*Work order*
Below are entries with pictures among them; reproduce exactly, and only, the lines from the one containing "Пальпация предстательной железы, плакат" down to the one containing "Carus, Thomas - Operationsatlas", without the pictures.

*Source material*
· · · · ·

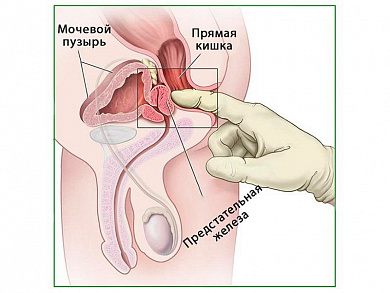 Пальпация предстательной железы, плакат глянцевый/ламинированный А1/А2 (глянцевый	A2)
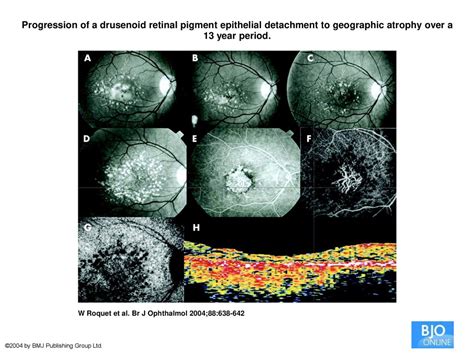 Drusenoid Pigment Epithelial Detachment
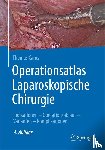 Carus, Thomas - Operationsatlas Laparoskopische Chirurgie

· · · · ·

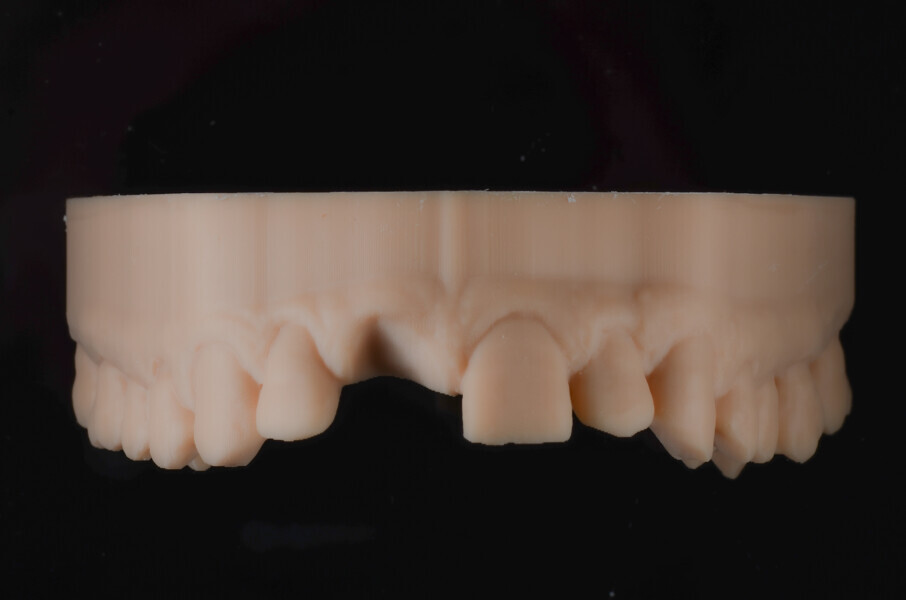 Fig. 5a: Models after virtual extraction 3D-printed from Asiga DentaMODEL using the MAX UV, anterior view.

· · · · ·

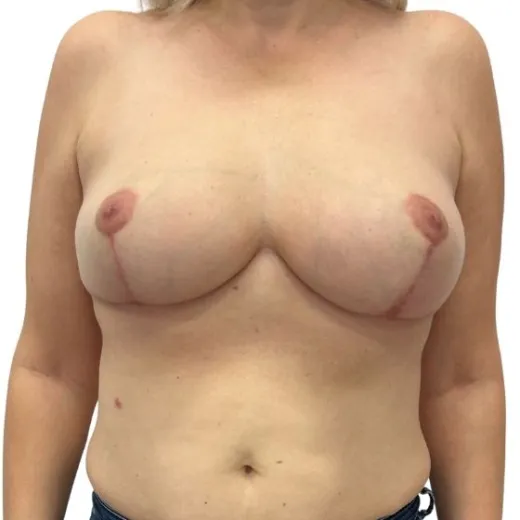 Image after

· · · · ·

*Reply to the task*
 Пальпация предстательной железы, плакат глянцевый/ламинированный А1/А2 (глянцевый	A2)
 Drusenoid Pigment Epithelial Detachment
 Carus, Thomas - Operationsatlas Laparoskopische Chirurgie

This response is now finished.